Stored records:
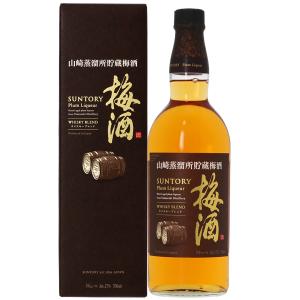 リキュール 山崎蒸留所貯蔵 樽熟成梅酒 17度 箱付 750ml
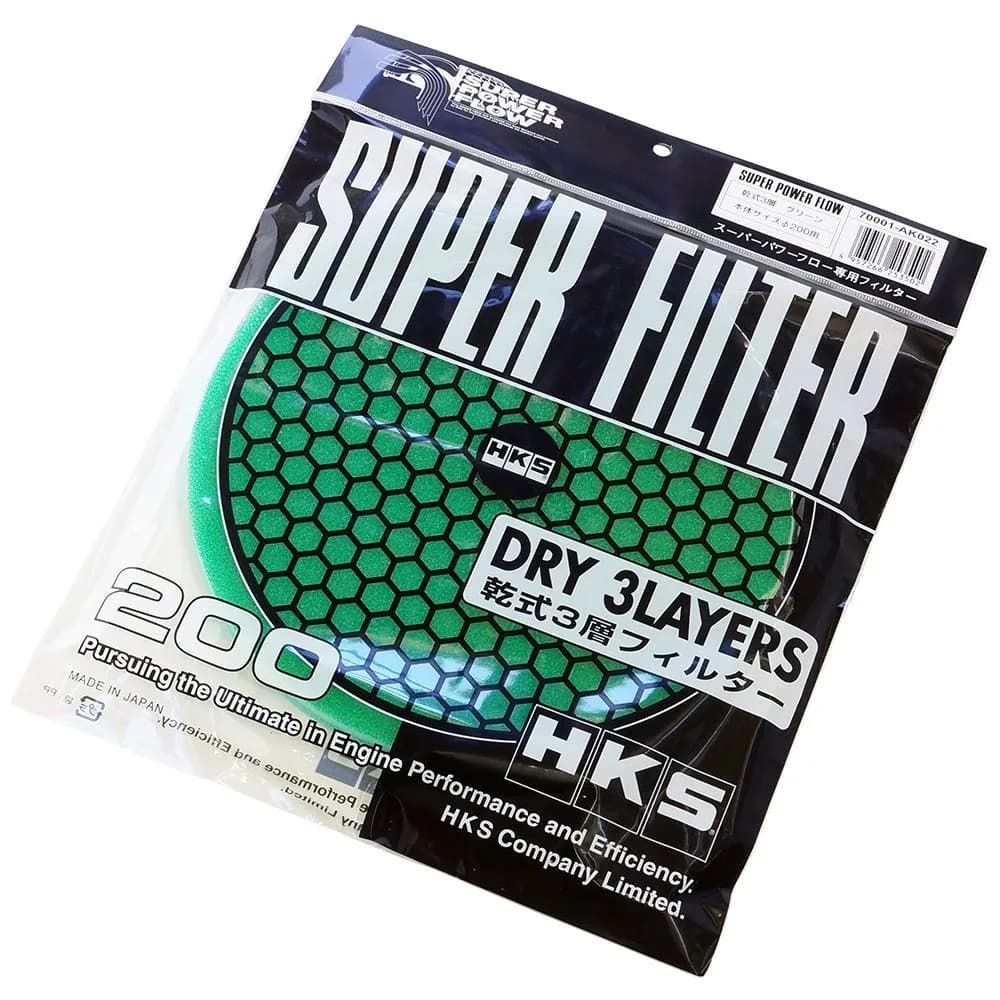HKS Super Mega Flow Replacement Air Filter | 200mm Green Dry 3 Layers for Engine — Green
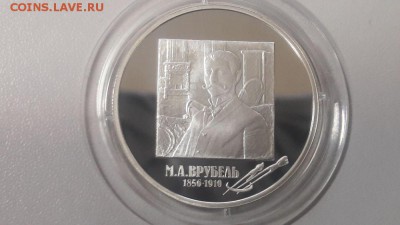 2р 2006г Врубель- пруф серебро Ag925, до 28.02 - X Врубель-1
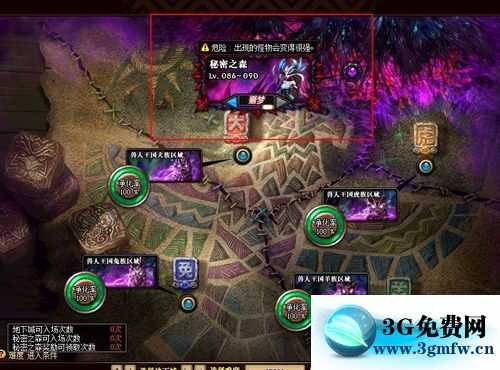 DNF春节副本秘密之森怎么打？ DNF春节副本秘密之森boss打法攻略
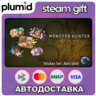 DLC Monster Hunter Wilds - Sticker Set: Avis Unit Steam Gift / Россия   МИР / АВТО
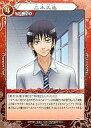 【中古】べるぜバブTCG/C/Chacter/ブースターパックVol.2 決戦!! 石矢魔夏の陣 B-02-24 : 三木久也【10P11Jan13】【happy2013sale】【画】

DESCRIPTION OF THE TASK:
What is needed is an exact copy of only the lines from the line containing "2р 2006г Врубель- пруф" through the last line of the entries, inclusive, without the pictures.

SOLUTION TO THIS PROBLEM:
 2р 2006г Врубель- пруф серебро Ag925, до 28.02 - X Врубель-1
 DNF春节副本秘密之森怎么打？ DNF春节副本秘密之森boss打法攻略
 DLC Monster Hunter Wilds - Sticker Set: Avis Unit Steam Gift / Россия   МИР / АВТО
 【中古】べるぜバブTCG/C/Chacter/ブースターパックVol.2 決戦!! 石矢魔夏の陣 B-02-24 : 三木久也【10P11Jan13】【happy2013sale】【画】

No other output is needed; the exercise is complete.